Ma quando la passione comunque c’è, in qualche modo bisogna pur esternarla! Quindi ecco che m’è venuto lo schiribizzo di creare un’altra rubrichetta, dimodoché tra i tanti desideri e le poche cose che già possiedo, ogni tanto mi potrò divertire a mostrarvene qualcuna! :)

Ceramica rossa con fiori

Tazza 'Ceramica rossa con fiori' vista di fronteUn nuovo arrivo nella mia famiglia di tazze (prima o poi farò una foto di gruppo, solo per vederle tutte allegramente insieme!). In Bottega erano arrivate delle nuove bellissime tisaniere che io osservavo con sguardo avido. Però la tisaniera è un oggetto di cui non sento tanto il bisogno, preferisco le tazze, e anche se mi piacevano tutte moltissimo il prezzo piuttosto alto mi ha fatto desistere dal comprarle.
Poi però ho scoperto che ne era arrivata una fallata, senza coperchio… e allora ho pensato: non la possiamo più vendere come tisaniera, ci tocca abbassarle il prezzo e venderla come tazza… insomma, ho approfittato della sventura, e l’ho presa per me!
Nella foto qui sotto c’è anche il colino, a testimoniare che una volta questa tazza è stata una tisaniera! :)

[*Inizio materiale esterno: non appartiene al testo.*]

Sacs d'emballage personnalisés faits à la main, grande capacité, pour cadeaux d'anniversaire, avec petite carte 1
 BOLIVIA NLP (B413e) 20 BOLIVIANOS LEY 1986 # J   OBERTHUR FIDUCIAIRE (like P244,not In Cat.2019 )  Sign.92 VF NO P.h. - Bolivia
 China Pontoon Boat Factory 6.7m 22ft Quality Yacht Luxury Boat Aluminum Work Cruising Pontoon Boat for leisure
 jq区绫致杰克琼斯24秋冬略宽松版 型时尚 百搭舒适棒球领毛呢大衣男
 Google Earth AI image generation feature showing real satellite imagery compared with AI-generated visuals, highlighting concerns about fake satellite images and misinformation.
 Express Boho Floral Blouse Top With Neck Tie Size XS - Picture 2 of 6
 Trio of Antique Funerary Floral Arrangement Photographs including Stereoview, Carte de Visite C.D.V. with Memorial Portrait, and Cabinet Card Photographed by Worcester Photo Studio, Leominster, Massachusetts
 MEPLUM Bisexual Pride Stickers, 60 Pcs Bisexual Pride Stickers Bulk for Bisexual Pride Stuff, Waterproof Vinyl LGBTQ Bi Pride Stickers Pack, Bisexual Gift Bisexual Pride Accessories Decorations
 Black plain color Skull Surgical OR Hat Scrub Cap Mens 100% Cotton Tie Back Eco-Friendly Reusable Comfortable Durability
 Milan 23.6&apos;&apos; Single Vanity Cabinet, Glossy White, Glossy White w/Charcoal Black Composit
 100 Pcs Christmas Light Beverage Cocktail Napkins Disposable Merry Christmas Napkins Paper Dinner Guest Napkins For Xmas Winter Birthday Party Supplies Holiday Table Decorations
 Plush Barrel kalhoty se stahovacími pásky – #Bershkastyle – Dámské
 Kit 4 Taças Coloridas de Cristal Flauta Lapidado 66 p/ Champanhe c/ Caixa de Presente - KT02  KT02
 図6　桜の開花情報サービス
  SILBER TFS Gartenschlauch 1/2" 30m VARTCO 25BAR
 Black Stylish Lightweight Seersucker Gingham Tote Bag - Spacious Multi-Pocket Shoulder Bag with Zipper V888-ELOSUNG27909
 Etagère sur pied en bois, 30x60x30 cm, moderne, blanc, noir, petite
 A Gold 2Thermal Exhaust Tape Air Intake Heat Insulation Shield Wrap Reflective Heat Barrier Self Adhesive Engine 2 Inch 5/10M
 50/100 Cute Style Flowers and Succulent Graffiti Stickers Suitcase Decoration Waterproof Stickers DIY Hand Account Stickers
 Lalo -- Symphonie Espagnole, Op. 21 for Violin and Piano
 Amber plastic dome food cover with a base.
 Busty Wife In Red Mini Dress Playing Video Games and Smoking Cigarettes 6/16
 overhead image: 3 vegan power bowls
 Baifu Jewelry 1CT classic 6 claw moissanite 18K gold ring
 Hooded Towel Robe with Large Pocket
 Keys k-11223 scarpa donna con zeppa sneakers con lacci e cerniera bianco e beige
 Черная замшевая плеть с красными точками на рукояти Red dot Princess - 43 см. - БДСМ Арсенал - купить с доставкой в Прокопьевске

Tazza 'Ceramica rossa con fiori'

Il caso poi ha voluto che quella fallata fosse anche la mia preferita, con questo bel colore tra il rosso e l’arancione!
Non sono riuscita a rendere bene nelle foto una sua particolarità: la tazza ha una forma quadrateggiante, non proprio dritta come un quadrato, ma non è neanche proprio tonda. Insomma, metà e metà, ma tutta bella, sicuramente!!!! :D

Tazza 'Ceramica rossa con fiori' vista da sopra

Questa tisaniera diventata tazza viene dal Vietnam, realizzata dagli artigiani del Craft Village, un’organizzazione formata da un gruppo di giovani vietnamiti che ha come scopo di sviluppare e valorizzare i prodotti tradizionali creati da piccole imprese a livello familiare, commercializzandoli sia sul mercato locale che sul mercato italiano del commercio equo e solidale, al momento il loro unico sbocco commerciale estero.
Il motivo del legame tra questa organizzazione e il nostro Paese risale alla sua origine: il progetto infatti è nato grazie all’intervento dell’ONG italiana Reorient, che ha coinvolto un gruppo di orfani e ragazzi di strada vietnamiti in attività di tipo educativo, culturale e formativo. Lo stesso responsabile di Craft Village, May, ha beneficiato di tali interventi e ha avuto la possibilità di studiare in Italia.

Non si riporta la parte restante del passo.